Alan -- the f760 is clustered redo logs on both filers and archive logs on the second filer. The primary db is fine. But the archive logs are getting corrupted someplace over on the standby database. Like you say its one of the checks we are looking at.
art
-----Original Message----- From: Alan McLachlan [mailto:amclachlan@asi.com.au] Sent: Thursday, February 13, 2003 10:18 PM To: Art Hebert Cc: toasters@mathworks.com Subject: RE: Checking netapp for bad blocks?
You can run wack (I think it's "wafl_check" now, look at the list) in maintenance mode from the floppy boot menu ("ctrl-c" on a disk reboot from a serial console).
However, unless your NVRAM card has failed - which you would know about instantly - the likelyhood that this will do you any good at all is remote in the extreme. Your DBA doesn't understand the always-consistent fs on NetApp (WAFL) so he's trying to put a tick in a box on his troubleshooting checklist.
It is far more likely that what he has is application-level corruption within the files, which fsck on a UFS volume wouldn't have helped him with anyway.
Are the transaction logs on the filer or on local disk on the database server?
-----Original Message----- From: Art Hebert [mailto:art@arzoon.com] Sent: Friday, 14 February 2003 3:41 AM To: 'Toasters@Mathworks.Com' Subject: Checking netapp for bad blocks?
Our oracle database has experienced two problems lately with file corruption on our standby database. The corruption isn't on the primary database and our Oracle DBA is asking if I can do something similar to fsck on the netapp.

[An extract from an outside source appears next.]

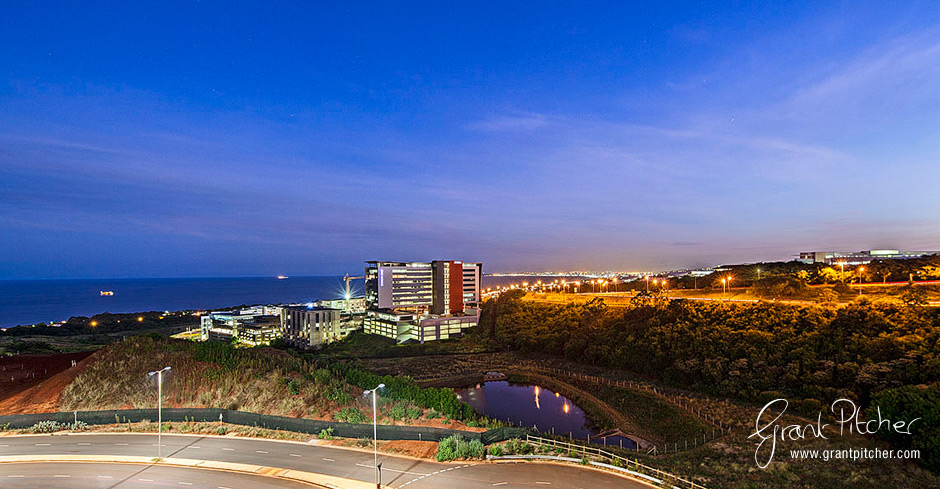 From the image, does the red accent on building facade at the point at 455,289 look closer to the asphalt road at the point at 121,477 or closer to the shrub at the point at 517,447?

Any thoughts on the commands to run and what to check for would be appreciated.
art
-----Original Message----- From: Stephane Bentebba [mailto:stephane.bentebba@fps.fr] Sent: Thursday, February 13, 2003 5:49 AM To: Jonathan Cc: Jordan Share; 'Toasters@Mathworks.Com' Subject: Re: Adding a drive shelf to my existing F740
Jonathan wrote:
2 - there is an extra trick to save a spare disk : don't keep two but only one spare disks : a 36G one, as Filer can reconstruct a 18G broken disk on a 36G. BUT you have to order Netapp for a 36G after that failure. If you have a hardware contract with Netapp, take care because, when a 18G fail, they would send you a 18G too, not a 36G. You would have to check for that (look for a special deal ?)

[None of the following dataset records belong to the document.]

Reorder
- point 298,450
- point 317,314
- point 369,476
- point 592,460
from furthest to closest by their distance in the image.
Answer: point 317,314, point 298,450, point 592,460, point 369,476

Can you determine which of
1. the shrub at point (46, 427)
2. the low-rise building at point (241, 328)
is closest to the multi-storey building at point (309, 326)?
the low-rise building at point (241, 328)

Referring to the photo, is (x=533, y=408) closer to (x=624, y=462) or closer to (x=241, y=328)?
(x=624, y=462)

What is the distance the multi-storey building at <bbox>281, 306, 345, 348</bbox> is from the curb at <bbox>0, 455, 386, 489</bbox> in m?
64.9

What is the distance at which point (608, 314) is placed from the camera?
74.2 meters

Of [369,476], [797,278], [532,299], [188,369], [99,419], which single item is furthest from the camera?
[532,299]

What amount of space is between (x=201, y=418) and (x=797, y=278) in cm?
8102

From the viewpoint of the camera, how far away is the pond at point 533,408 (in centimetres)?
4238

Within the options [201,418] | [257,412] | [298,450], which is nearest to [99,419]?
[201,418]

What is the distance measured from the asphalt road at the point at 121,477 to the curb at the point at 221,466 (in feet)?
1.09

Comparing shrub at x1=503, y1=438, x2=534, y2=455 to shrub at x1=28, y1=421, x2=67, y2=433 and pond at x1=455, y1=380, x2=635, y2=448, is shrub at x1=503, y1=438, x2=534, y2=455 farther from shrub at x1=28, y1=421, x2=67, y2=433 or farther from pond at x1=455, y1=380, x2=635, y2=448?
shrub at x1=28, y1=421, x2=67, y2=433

To add to your trick #2, Don't worry about getting a 18GB back from Netapp and leaving your 36 acting like a 18. Simply add the 18 in the place of the failed 18 and let the filer take it as a spare. Then do a disk fail on the 36 acting as a 18. The filer will now look for a spare 18 and find the new spare to rebuild the raid group. Then do a disk unfail on the 36 acting as
a
18 and Ontap will zero the 36 and put it back as a 36 spare. So you don't need to work out a special deal with Netapp. I have done this many times
and
with great success.
of course ! i knew it indeed, what a dumb I am :) you have to switch mode in order to use disk unfail : use " rc_toggle_basic " or " priv set advanced / admin"

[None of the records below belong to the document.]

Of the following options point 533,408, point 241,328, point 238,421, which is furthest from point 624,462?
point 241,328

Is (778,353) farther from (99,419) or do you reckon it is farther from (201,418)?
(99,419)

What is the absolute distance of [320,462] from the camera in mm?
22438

----- Original Message ----- From: "Stephane Bentebba" stephane.bentebba@fps.fr To: "Jordan Share" iso9@jwiz.org Cc: "'Toasters@Mathworks.Com'" toasters@mathworks.com Sent: Thursday, February 13, 2003 6:12 AM Subject: Re: Adding a drive shelf to my existing F740
First : to be sure we speak the same language (I'm french) the raidsize include the parity disk. a group raid of sized 14 can contain up to 13 data disks and one parity disk. the max size of a raid can be 28
- the more disk in a raid you have, the more the filer need time to
reconstruct the disk (and the longer the CPU is used for that).
- larger the disk is, the more it consume time also.
for exemple, a F760 with a cpu load average at 40% in production can go up to 50% during 6 hours to reconstruct a 72G disk
1 - taking this into account, I won't advise you to move your raidsize to 28, but if you want to save as many as possible disk, you can turn the raidsize to 28 and add those 36G disks in the same raidgroup than other (18G) 2 - there is an extra trick to save a spare disk : don't keep two but only one spare disks : a 36G one, as Filer can reconstruct a 18G broken disk on a 36G. BUT you have to order Netapp for a 36G after that failure. If you have a hardware contract with Netapp, take care because, when a 18G fail, they would send you a 18G too, not a 36G. You would have to check for that (look for a special deal ?)
These two tricks apart, I can't see better ways than what you had plained
Jordan Share wrote:
After reading further in my manuals, I've got some questions about the RAIDgroup size.
When I initially created the volume, I made the raidsize 14, so that it would use 1 parity disk for the 14 disks we had at that time.
Looking at it now, I kind of think that I want a raidsize of 13 for the current volume (since one disk is a hot spare).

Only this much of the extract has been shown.